Bisnis.com, JAKARTA – Perusahaan rintisan berbasis software as a service (SaaS) dinilai menjadi industri yang bisa bertahan seiring waktu.
Namun, ke depan kebutuhan talenta digital harus cukup agar model bisnis tersebut tetap bisa berjalan.
Ketua Umum Asosiasi Startup Teknologi Indonesia (Atsindo) Handito Joewono menilai perusahaan rintisan memang membutuhkan investasi untuk teknologi perusahaan agar dapat memenuhi kebutuhan di lapangan. Dia pun menegaskan permintaan talenta digital menjadi pekerjaan rumah utama.
“Kendalanya [bisnis SaaS] adalah kebutuhan talenta digital.
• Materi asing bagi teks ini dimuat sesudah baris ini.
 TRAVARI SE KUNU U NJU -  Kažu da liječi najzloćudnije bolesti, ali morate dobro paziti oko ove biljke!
Selain, teknologi digital membutuhkan dana sangat besar, tetapi jika tidak ditunjang pengembangan piranti lunak secara mandiri akan sulit,” ujarnya saat dihubungi Bisnis, Kamis (4/3/2021).
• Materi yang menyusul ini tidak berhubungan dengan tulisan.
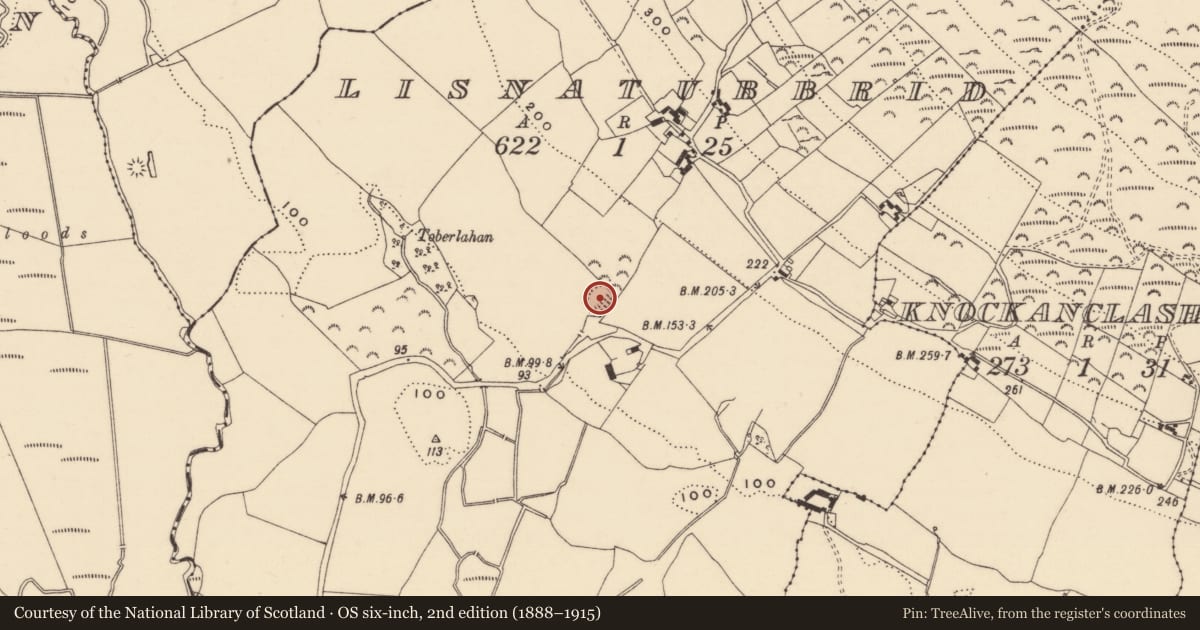 Ordnance Survey six-inch map, 2nd edition (1888–1915) covering the location of Ringfort - rath, Lisnatubbrid, County Tipperary South, with a pin at the register's coordinates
Lebih lanjut, dia menilai saat ini inovasi teknologi perusahaan yang bisa diinvestasikan oleh perusahaan setidaknya dapat memenuhi beberapa aspek yang rutin untuk pelayanan pelanggan. Tetapi, menurutnya talenta digital merupakan kebutuhan urgen untuk tahun ini.
“[Jika tidak ada talenta digital] bisa lebih dari 50 persen anggaran perusahaan teknologi tercurah ke komputasi awan, kecerdasan buatan, dan lainnya bila tidak mengembangkan di internal secara mandiri,” ujarnya.
Riset Amazon Web Services, Inc. (AWS) dan firma konsultan bidang strategi dan ekonomi, AlphaBeta mencatatkan hanya 19 persen dari seluruh angkatan kerja di Indonesia yang mempunyai keahlian di bidang digital. Padahal, Tanah Air membutuhkan 110 juta talenta digital baru untuk mendukung ekonomi pada 2025.
Kondisi ini selaras dengan perkembangan secara global yang dilaporkan Market Watch yang memperkirakan pasar produk SaaS secara global akan tumbuh hingga 21 persen hingga mencapai US$ 117 miliar pada 2022.